Trust Study #1, screened online on Weird Economies during May/June 2024, centers on a dialogue about the informal and illegal money transfer system originating in South Asia known as hawala. The conversation unfolds in silence through text against a backdrop of still images from a 1960s Pakistani travel guide. As the images move from the background to the foreground, another layer to the structure of hawala emerges. Trust Study #1 is the first in a larger body of work including sculptures, photography, and writing.
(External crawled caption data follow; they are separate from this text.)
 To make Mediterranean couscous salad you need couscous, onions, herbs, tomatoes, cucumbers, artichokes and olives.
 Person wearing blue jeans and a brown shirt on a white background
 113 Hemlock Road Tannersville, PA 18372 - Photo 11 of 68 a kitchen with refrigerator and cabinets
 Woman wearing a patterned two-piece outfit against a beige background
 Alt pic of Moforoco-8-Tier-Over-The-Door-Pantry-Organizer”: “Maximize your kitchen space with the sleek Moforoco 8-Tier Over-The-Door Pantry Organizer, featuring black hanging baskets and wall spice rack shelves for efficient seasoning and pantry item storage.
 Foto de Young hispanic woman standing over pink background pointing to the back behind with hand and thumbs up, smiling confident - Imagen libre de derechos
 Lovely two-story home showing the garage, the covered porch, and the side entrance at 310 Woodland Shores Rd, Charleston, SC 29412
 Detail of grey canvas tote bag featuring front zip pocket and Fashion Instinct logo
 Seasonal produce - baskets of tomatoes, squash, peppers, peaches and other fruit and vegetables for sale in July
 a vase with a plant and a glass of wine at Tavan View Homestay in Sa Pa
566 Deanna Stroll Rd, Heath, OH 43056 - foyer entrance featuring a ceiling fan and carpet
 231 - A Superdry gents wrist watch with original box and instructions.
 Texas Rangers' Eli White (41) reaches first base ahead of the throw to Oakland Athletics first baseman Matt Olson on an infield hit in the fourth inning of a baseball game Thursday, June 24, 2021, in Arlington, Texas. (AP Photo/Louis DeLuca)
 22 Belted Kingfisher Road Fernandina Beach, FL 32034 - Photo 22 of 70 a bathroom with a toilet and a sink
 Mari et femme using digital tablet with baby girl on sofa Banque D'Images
Trust Study #2 is a series of interconnected short stories borne from a quiet storytelling tradition among a group of hawaladars—the subjects of my film Trust Study #1 (2020). This project adopts their unique storytelling process, encoding details of hawala transactions within each story, a method that requires images from a state-issued Pakistani travel guide for decryption. This practice, once a secure channel for financial exchange among these hawaladars, now serves as the foundation for an evolving, speculative universe of stories.
#3
Bebe pushed the vial of cold clear liquid into my hand with more force than someone in her condition should have had. The mountain air was dry. Her hand was soft. Z hunched over us and assessed the vial. No one else in the family could see. Bebe raised her voice as Z tried to whisper something to me. I do not remember her exact words but Z and I later agreed that we had heard something similar—I trust you both, your father has been through enough and your uncle would never allow it. The cold vial had started to warm in my hands. I tucked it into my pocket, next to the soft rocks I had collected when we arrived at the lake, and I watched Z’s face, trying to find an emotion to hold on to. But there was nothing there. She only nodded as if it was a tic, as if Bebe was still speaking, as if she was swallowing and slowly digesting what our mother had said, trying not to let the words come vomiting out. Z asked Bebe a question, and she responded, but I was elsewhere. I was gripping the vial and scraping the soft rocks against its surface. I couldn’t follow their words. And then Z and I were walking away from the lake’s edge to our campsite, towards Uncle’s voice, for what felt like an hour.
Uncle was drunk on cheap, illegal roadside liquor, which he had bought with Pyo at a roadside stand on our drive up the mountain the afternoon before. The children were not allowed out of their respective cars. We were parked on the opposite side of the road from the hut. I got up on my knees in the back of our small hatchback and peered out the rear window to see what my cousins thought. They did not look up at me. They did not look out to see the interaction between our fathers and the three men smoking inside the small wooden hut. They did not see the sun beating down on the cars, flushing our skin. They did not seem to notice how drunk their father was.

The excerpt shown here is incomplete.